[Given material]
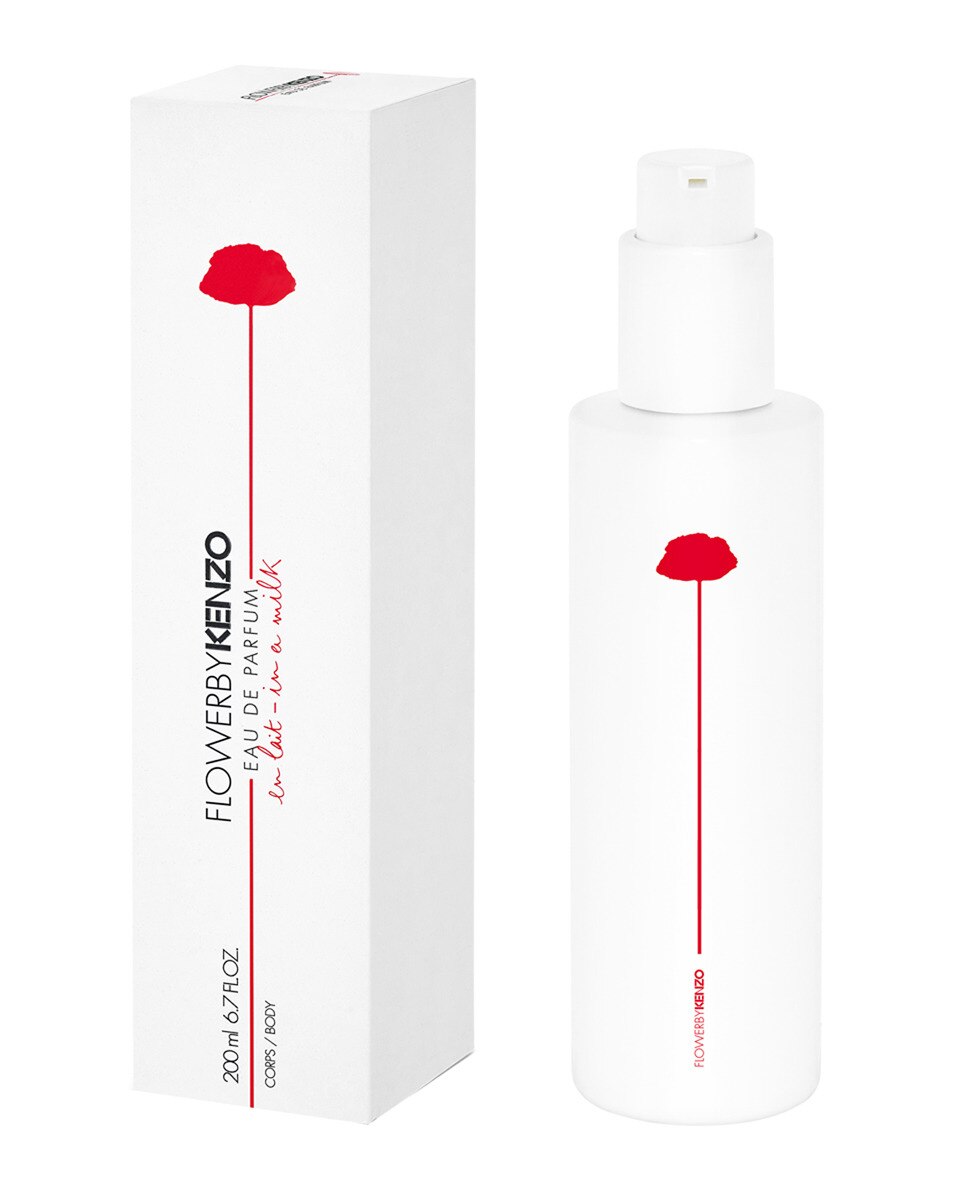 Leite Hidratante Corporal Flower By Kenzo 200ml Kenzo 2
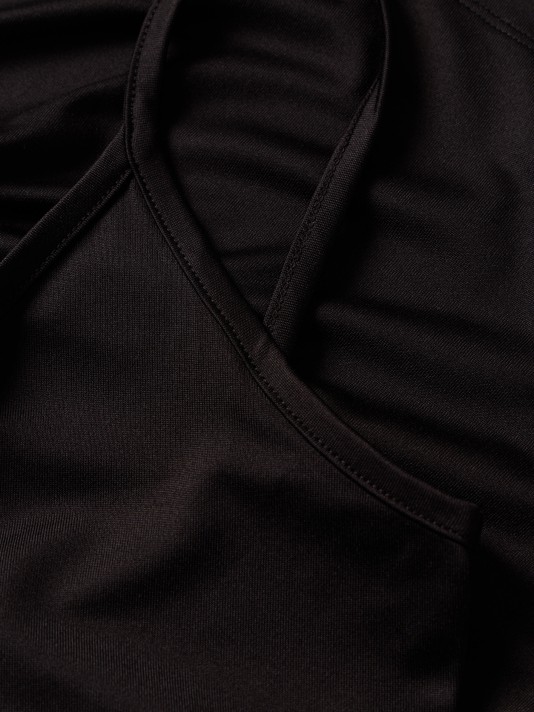 Top de alças finas Top de alças finas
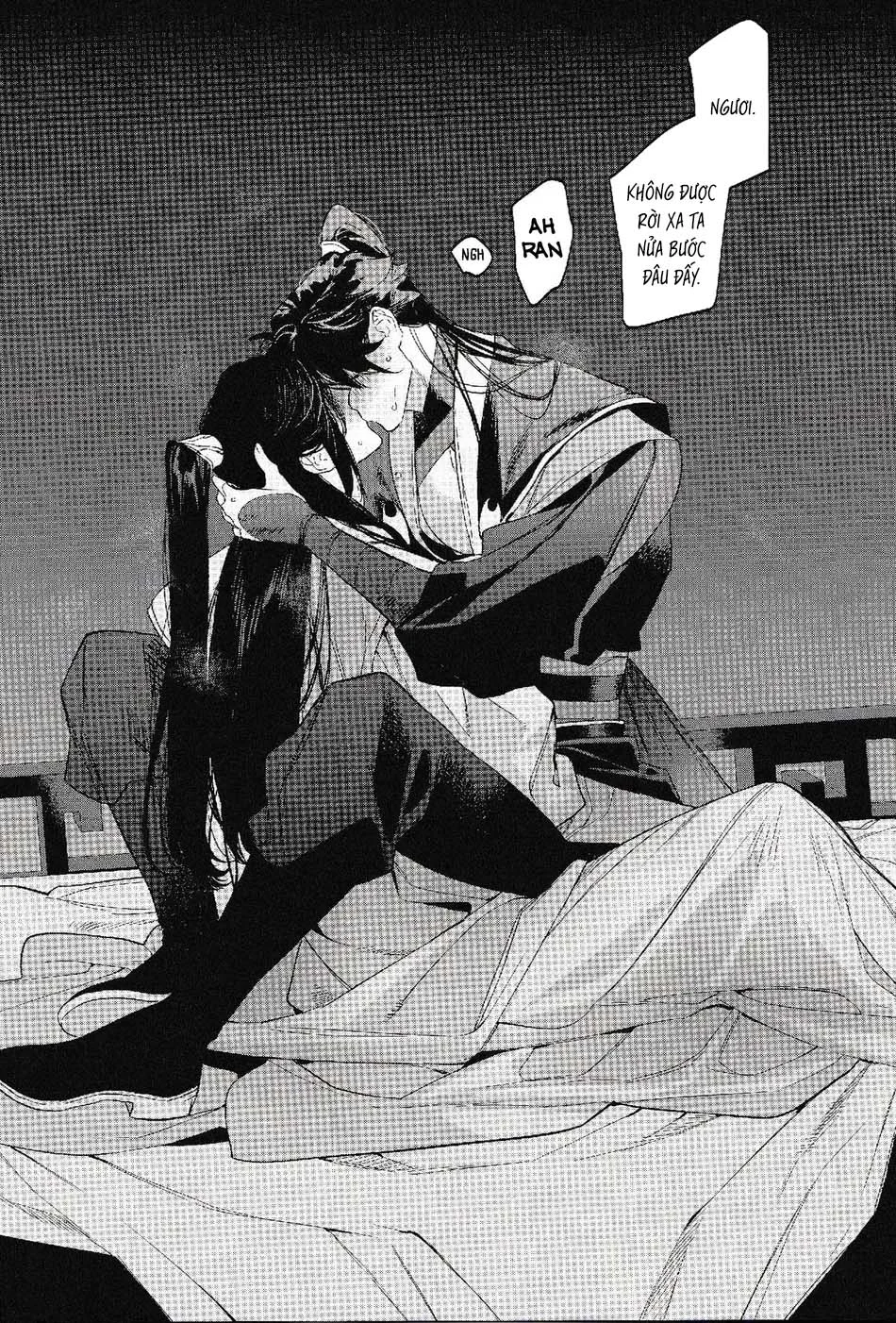 Tổng hợp boylove 18+ Chapter 427 - Next Chapter 428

[Work order] Transcribe all data precisely. Pictures are not copied.

[Final answer]
 Leite Hidratante Corporal Flower By Kenzo 200ml Kenzo 2
 Top de alças finas Top de alças finas
 Tổng hợp boylove 18+ Chapter 427 - Next Chapter 428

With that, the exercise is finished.